For potential murderers to possibly be responsive to deviations from the execution trend line, they have to be attentive to it. The studies are silent on two key questions: (1) Why are potential murderers attentive to the trend line in the number of executions? (2) Why do they respond to deviations from the trend line?
If time-series analyses find that homicide rates are not responsive to such deviations, it may be that potential murderers are responding to the trend line in executions but not to deviations from it. For example, a rising trend in the number of executions might be perceived as signaling a toughening of the sanction regime, which might deter potential murderers. Alternatively, if a time-series analysis finds that homicide rates are responsive to such deviations, the question is why? One possibility is that potential murderers interpret the deviations as new information about the intensity of the application of capital punishment—that is, they perceive a change in the part of the sanction regime relating to application of capital punishment. If so, a deviation from the execution trend line may cause potential murderers to alter their perceptions of the future course of the trend line, which in turn may change their behavior.

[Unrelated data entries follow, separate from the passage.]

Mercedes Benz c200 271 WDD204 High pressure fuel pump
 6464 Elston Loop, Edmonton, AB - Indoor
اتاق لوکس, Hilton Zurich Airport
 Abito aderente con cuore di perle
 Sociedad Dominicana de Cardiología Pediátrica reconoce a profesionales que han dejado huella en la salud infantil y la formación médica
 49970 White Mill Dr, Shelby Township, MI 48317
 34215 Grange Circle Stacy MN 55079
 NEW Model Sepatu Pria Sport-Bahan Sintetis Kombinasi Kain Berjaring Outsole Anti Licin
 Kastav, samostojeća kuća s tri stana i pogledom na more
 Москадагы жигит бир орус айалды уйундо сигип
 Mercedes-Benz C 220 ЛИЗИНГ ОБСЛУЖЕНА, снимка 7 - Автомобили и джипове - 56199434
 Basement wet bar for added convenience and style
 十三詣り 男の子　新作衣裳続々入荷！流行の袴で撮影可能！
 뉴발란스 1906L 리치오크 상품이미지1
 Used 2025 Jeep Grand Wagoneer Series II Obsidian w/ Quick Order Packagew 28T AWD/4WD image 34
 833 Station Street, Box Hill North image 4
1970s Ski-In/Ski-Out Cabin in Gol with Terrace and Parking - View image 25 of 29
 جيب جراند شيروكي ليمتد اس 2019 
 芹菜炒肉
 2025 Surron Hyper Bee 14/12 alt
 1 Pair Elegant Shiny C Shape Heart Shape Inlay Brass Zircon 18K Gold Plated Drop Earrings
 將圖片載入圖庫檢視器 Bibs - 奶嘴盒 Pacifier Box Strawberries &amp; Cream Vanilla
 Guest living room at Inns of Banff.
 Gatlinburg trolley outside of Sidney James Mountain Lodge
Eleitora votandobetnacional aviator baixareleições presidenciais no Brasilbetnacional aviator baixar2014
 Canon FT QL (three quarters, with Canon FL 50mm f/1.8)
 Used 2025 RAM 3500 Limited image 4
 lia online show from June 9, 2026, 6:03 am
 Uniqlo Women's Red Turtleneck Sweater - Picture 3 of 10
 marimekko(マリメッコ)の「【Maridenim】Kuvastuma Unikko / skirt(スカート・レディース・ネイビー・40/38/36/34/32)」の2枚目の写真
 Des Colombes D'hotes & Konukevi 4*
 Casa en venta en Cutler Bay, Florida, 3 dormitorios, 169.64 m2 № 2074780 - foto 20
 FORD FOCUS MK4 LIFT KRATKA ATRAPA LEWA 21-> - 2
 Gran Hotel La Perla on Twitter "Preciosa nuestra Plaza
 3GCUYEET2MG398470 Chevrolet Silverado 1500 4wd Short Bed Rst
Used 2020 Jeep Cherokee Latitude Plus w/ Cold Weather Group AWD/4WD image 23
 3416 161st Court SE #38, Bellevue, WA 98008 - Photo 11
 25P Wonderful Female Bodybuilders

Yet, even accepting this idea, a basic question persists. Why should the trend lines fit by researchers coincide with the perceptions of potential murderers about trends in executions? Because there are no studies that include empirical analyses on the question of how potential murderers perceive the risk of sanctions, there is no basis for assuming that the trend line specified by researchers corresponds to the trend line (if any) that is perceived by potential murderers. If researchers and potential murderers do not perceive trends the same way, then time-series analyses do not correctly identify what potential murderers perceive as deviations. Because of this basic flaw in the research, the committee has no basis for assessing whether the findings of time-series studies reflect a real effect of executions on homicides or are artifacts of models that incorrectly specify how deviations from a trend line cause potential murderers to update their forecasts of the future course of executions.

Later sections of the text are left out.